- [ACTIVITY]:
In your transcription, keep every record exact and leave out the pictures.

━━━

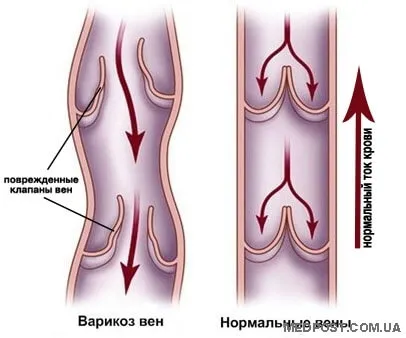 Правилното предотвратяване на разширени вени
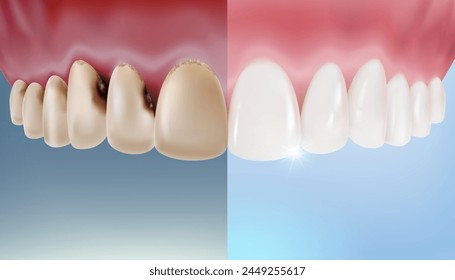 Fotos de antes y después de dientes de descamación y blanqueamiento o coronas artificiales. Concepto de tratamiento oral y cirugía de blanqueamiento dental. Clínica de conductos, pasta dental, enjuague bucal. archivo de Vector.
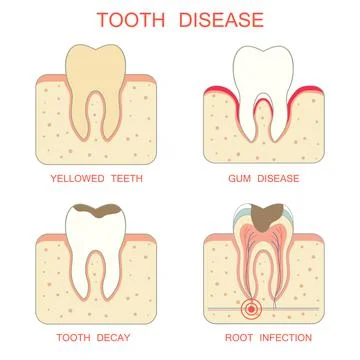 Tooth decay disease Illustrazione stock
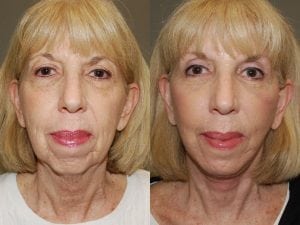 Before and After Image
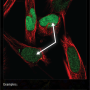 cell-to-cell_varialtions.png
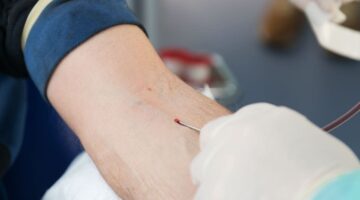 Drepanocitosis anemia 2020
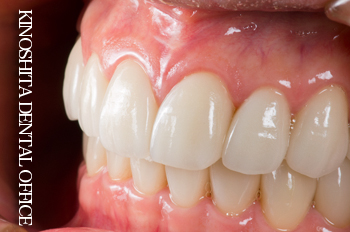 after ２オールセラミック修復による<br>歯の色調、形態、噛み合わせの総合治療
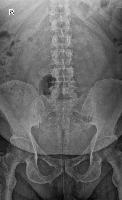 LUMBAR project thumbnail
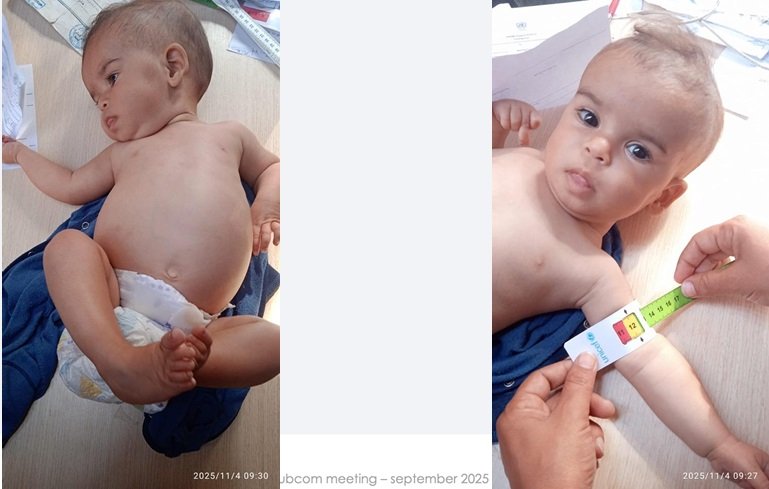 11月になっても上腕の外周は12.1cm（UNRWA提供）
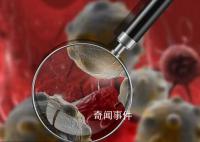 中國(guó)癌癥死亡50年:肺癌增長(zhǎng)最快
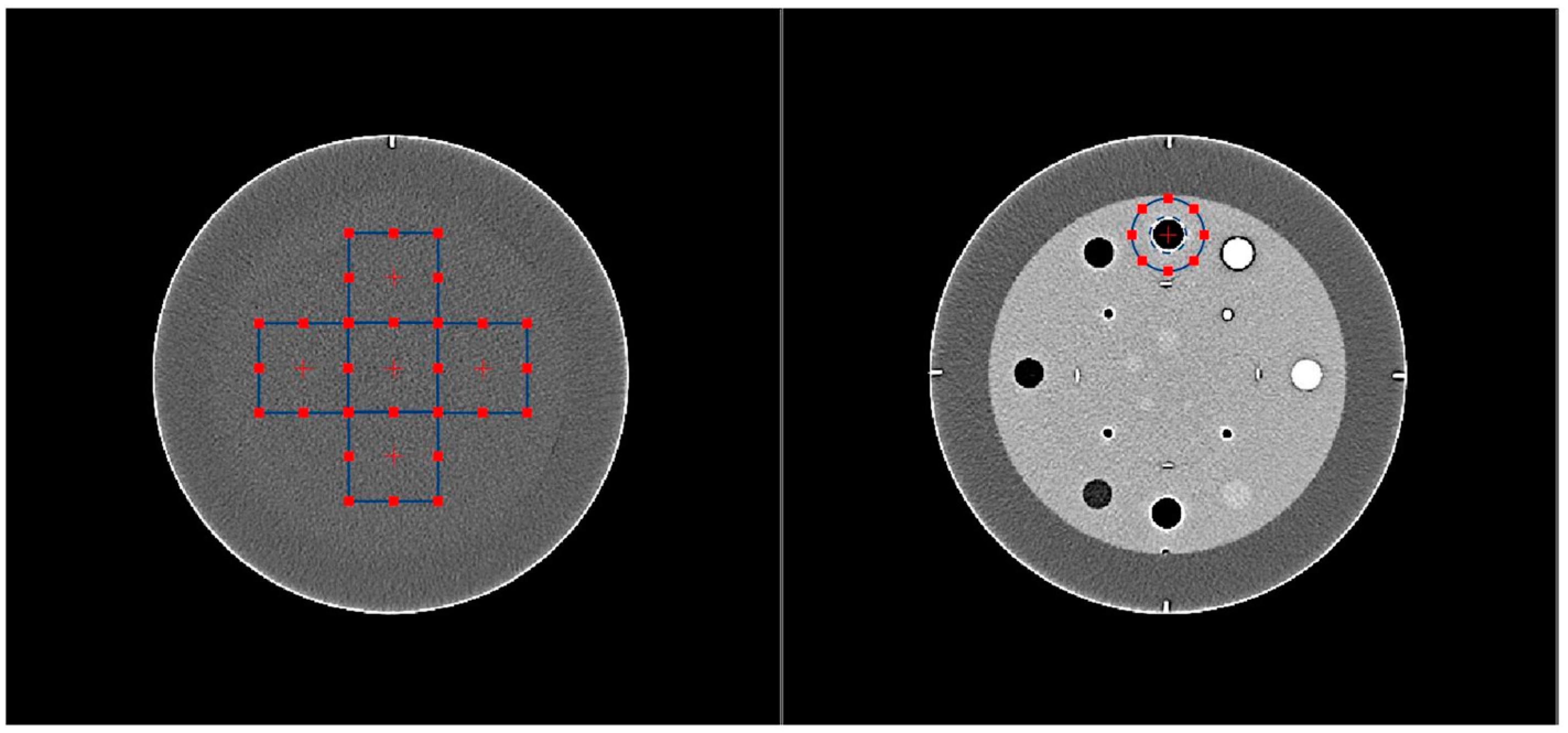 Diagnostics 13 01325 g001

━━━

- [EXERCISE ANSWER]:
 Правилното предотвратяване на разширени вени
 Fotos de antes y después de dientes de descamación y blanqueamiento o coronas artificiales. Concepto de tratamiento oral y cirugía de blanqueamiento dental. Clínica de conductos, pasta dental, enjuague bucal. archivo de Vector.
 Tooth decay disease Illustrazione stock
 Before and After Image
 cell-to-cell_varialtions.png
 Drepanocitosis anemia 2020
 after ２オールセラミック修復による<br>歯の色調、形態、噛み合わせの総合治療
 LUMBAR project thumbnail
 11月になっても上腕の外周は12.1cm（UNRWA提供）
 中國(guó)癌癥死亡50年:肺癌增長(zhǎng)最快
 Diagnostics 13 01325 g001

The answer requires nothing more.